Indonesia telah menargetkan untuk mengurangi sampah plastik sebanyak 75 persen pada 2025. National Plastic Action Plan (NPAP) Indonesia menjadi wadah bagi pemerintah dan produsen sampah plastik untuk mengimplementasikan kebijakan peta jalan sampah plastik Indonesia.
Secara umum, ada 5 aksi yang dilakukan NPAP Indonesia, yaitu mengurangi, mendesain kembali, mengambil, mendaur ulang, dan mengembangkan fasilitas pembuangan sampah.
Sayangnya, keberadaan sampah plastik, termasuk mikroplastik, masih dapat ditemukan di lingkungan sekitar. Salah satu contoh terdekat adalah keberadaan mikroplastik pada air minum dalam kemasan. Penelitian yang dilakukan Greenpeace Indonesia bersama Universitas Indonesia (UI) menunjukkan kandungan mikroplastik sebanyak 30 miligram pada galon air mineral sekali pakai berukuran 6 liter.
Baca juga: Upaya Penanganan Sampah Plastik di Maluku dan Tanah Papua
“Mikroplastik yang ada di dalam air kemasan ini dari sumbernya memang sudah tercemar plastik begitu banyak,” kata Agustino Zulys, peneliti Laboratorium Kimia Anorganik UI, dalam Konferensi Pers yang diadakan oleh Greenpeace Indonesia pada 23 September 2021.
Menanggapi hal itu, Ahli Neurologi UI, Pukovisa Prawiroharjo, mengatakan, paparan mikroplastik pada sel manusia menyebabkan penurunan zat asetilkolin yang dibutuhkan manusia untuk mengingat. Meski begitu, Pukovisa mengakui bahwa penelitian yang dilakukan dalam skala besar masih minim.
Selain air minum dalam kemasan, mikroplastik juga dapat ditemukan pada makanan.

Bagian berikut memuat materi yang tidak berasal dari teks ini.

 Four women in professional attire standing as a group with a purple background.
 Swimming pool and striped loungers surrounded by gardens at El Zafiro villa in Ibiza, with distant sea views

Laporan United Nations Environment Programme (UNEP) yang berjudul From Pollution to Solution menyebut kandungan mikroplastik dapat ditemukan pada roti, olahan daging, produk susu hingga sayuran.

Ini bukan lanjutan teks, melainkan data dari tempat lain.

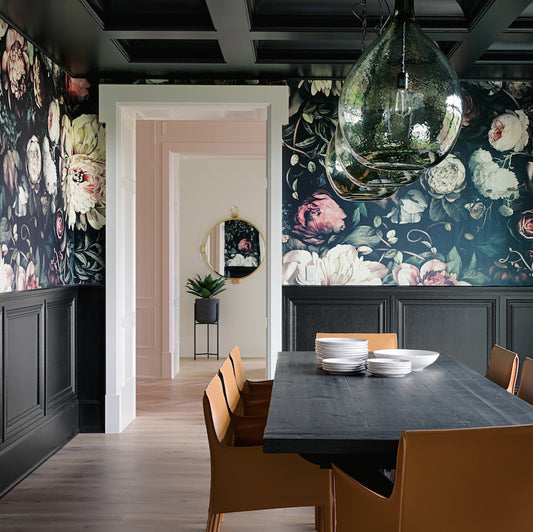 Dining room with Ellie Cashman's Dark Floral II Wallpaper with dark wooden table, and chairs.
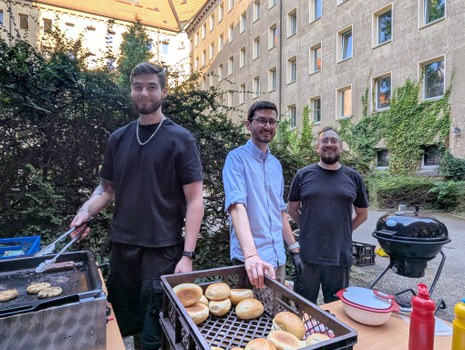 Zu sehen sind drei Männer am Grill
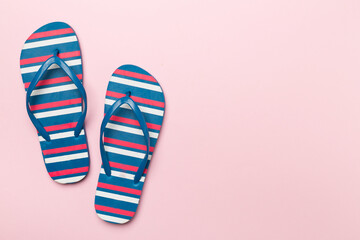 Bright flip flops on color background, top view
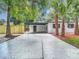 Charming exterior with mature palm trees, freshly painted facade, and a convenient carport at 4202 W Bay Vista Ave, Tampa, FL 33611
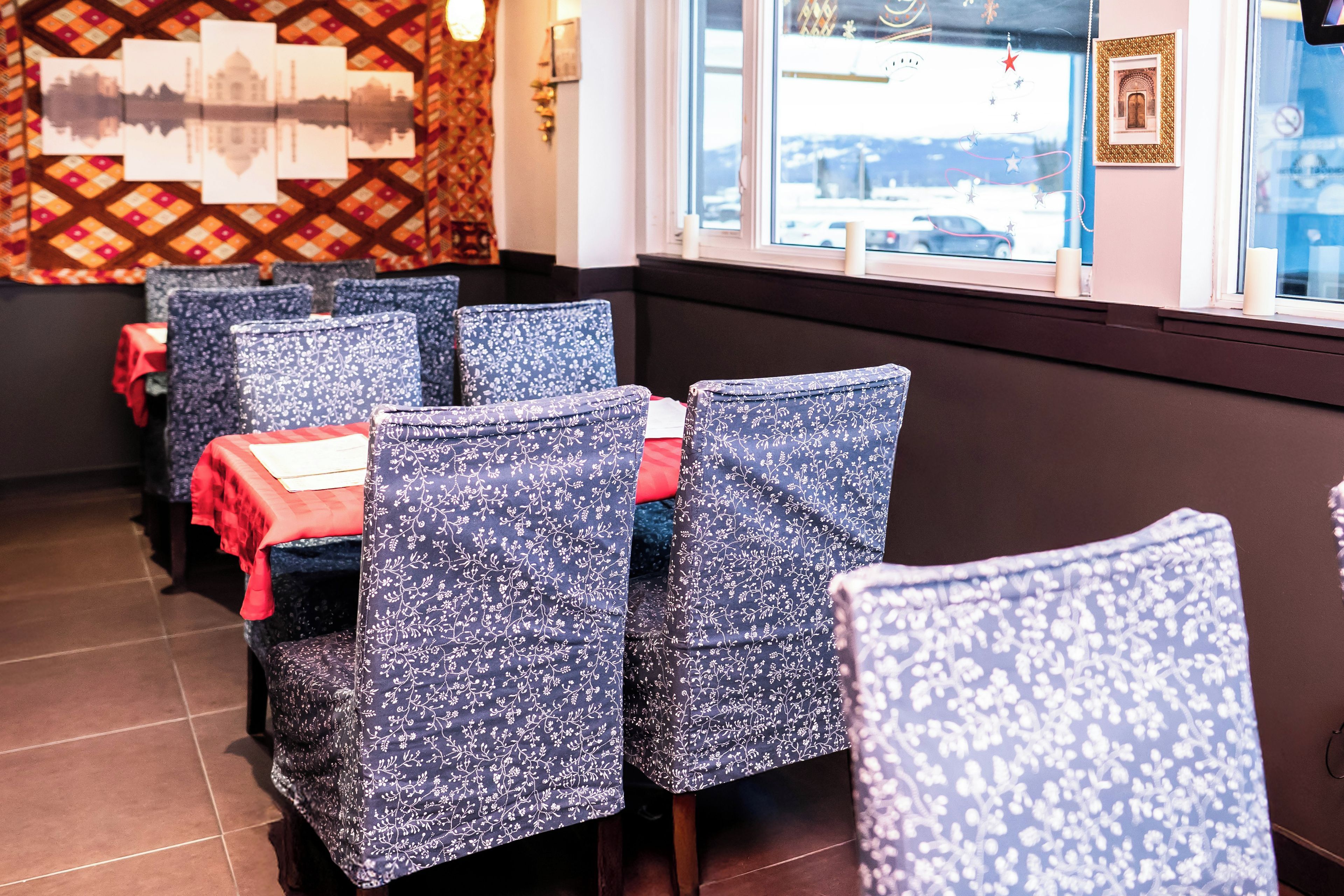 A restaurant interior with tables and chairs, a patterned wall, and a window with a view.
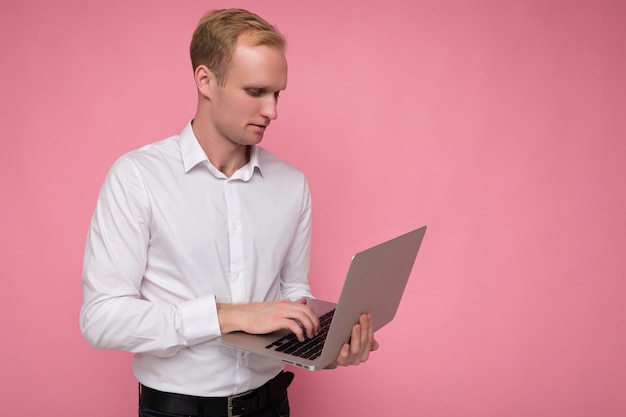 Człowiek Posiadający Komputer Laptop Wpisując Na Klawiaturze Na Sobie Białą Koszulę Patrząc Na Monitor Na Białym Tle Nad Różową ścianą.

Baca juga: Mahasiswa Podomoro Lawan Sampah Plastik di Teluk Naga
Zat beracun yang terkandung dalam mikroplastik dapat menguap dan menyebar melalui udara. Konsentrasi serat mikroplastik pada udara di dalam ruangan lebih tinggi dibandingkan di luar ruangan. Paparan serat mikroplastik yang dialami oleh para pekerja tekstil dilaporkan berhubungan dengan penyakit paru-paru.

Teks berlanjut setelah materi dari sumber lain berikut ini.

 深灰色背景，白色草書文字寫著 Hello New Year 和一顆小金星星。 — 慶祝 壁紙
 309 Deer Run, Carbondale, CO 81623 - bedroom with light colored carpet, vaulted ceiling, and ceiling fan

Tidak hanya berbahaya bagi manusia, laporan UNEP juga menyebut bahwa mikroplastik dapat mempengaruhi keberhasilan reproduksi dan kelangsungan hidup organisme laut. Mikroplastik yang masuk ke sistem pencernaan hewan dapat menumpuk di jaringan tubuh dan berpotensi menyebabkan peradangan.
Selain itu, mikroplastik yang terserap oleh terumbu karang dan mikroalga berdampak pada penurunan penyerapan karbon di laut. Hal ini berpotensi memiliki dampak turunan yang berhubungan dengan pemanasan global.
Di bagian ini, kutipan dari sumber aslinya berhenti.